Exercise requirements: If a picture appears in the records, leave it out and transcribe the rest exactly.

== Segment start ==

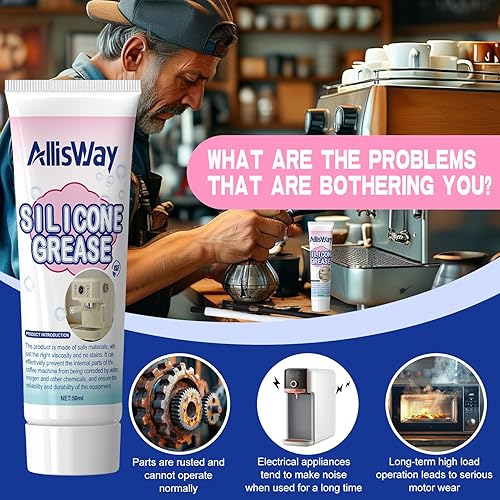 AllisWay Silicone Alimentaire, Graisse Alimentaire Machine a Cafe, Graisse Alimentaire, Graisse Silicone pour Joints Toriques, Joints et Autres Types d'Accessoires de Machines à Café, 50 ML - Nail Gallerys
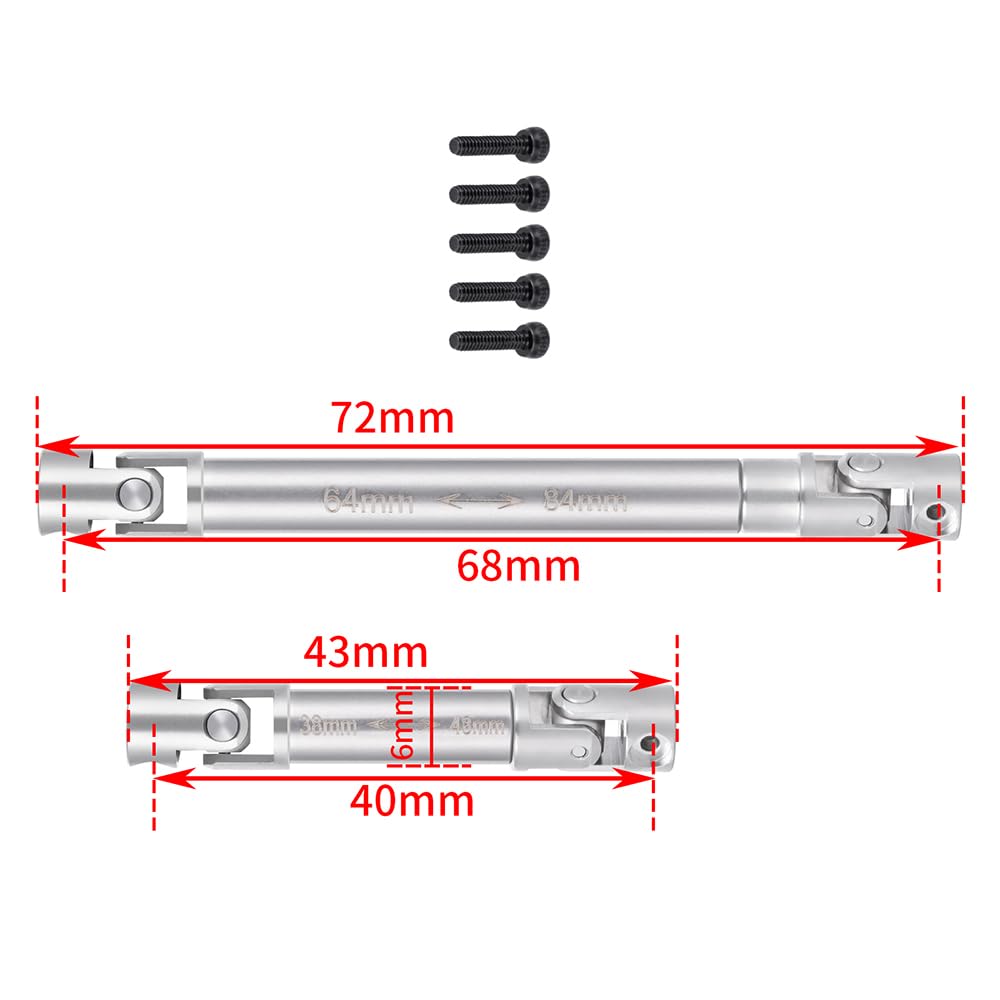 MOHERO 2Pcs SCX24 Driveshafts Stainless Steel Center Drive Shaft for Axial 1/24 SCX24 Gladiator AXI00005 RC Crawler Upgrade Part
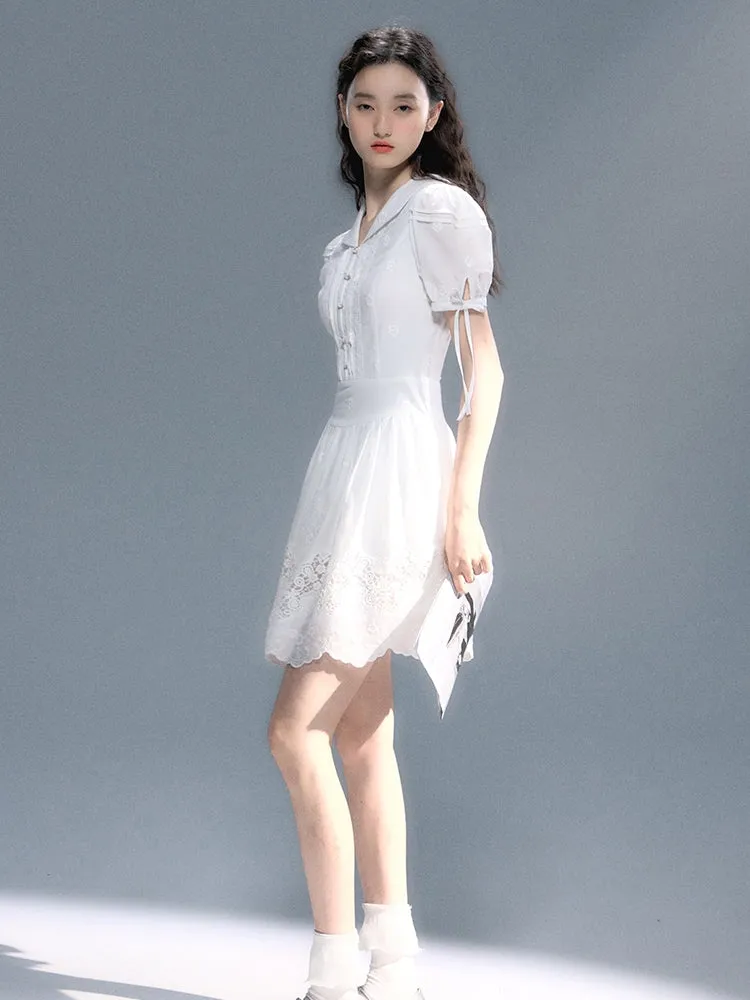 Embroidery Flower Lace Puff-Sleeve Feminine One-Piece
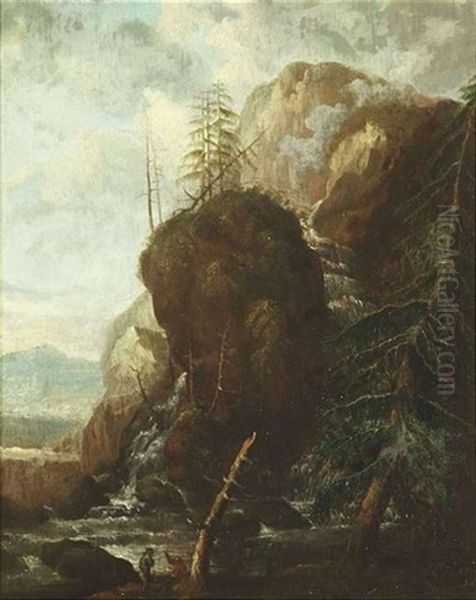 Gebirgslandschaft Mit Wasserfall Und Zwei Rastenden Bauern - view 1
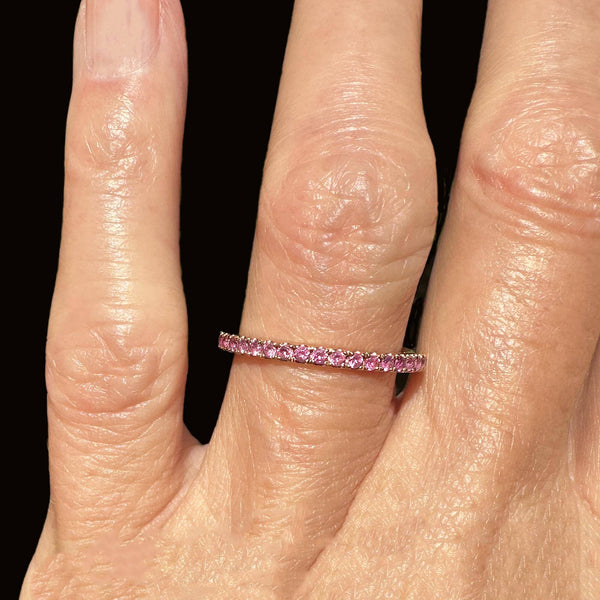 Vintage 18K Rose Gold Full Eternity Pink Sapphire Ring Band - Boylerpf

== Segment end ==

Solution to the exercise:
 AllisWay Silicone Alimentaire, Graisse Alimentaire Machine a Cafe, Graisse Alimentaire, Graisse Silicone pour Joints Toriques, Joints et Autres Types d'Accessoires de Machines à Café, 50 ML - Nail Gallerys
 MOHERO 2Pcs SCX24 Driveshafts Stainless Steel Center Drive Shaft for Axial 1/24 SCX24 Gladiator AXI00005 RC Crawler Upgrade Part
 Embroidery Flower Lace Puff-Sleeve Feminine One-Piece
 Gebirgslandschaft Mit Wasserfall Und Zwei Rastenden Bauern - view 1
 Vintage 18K Rose Gold Full Eternity Pink Sapphire Ring Band - Boylerpf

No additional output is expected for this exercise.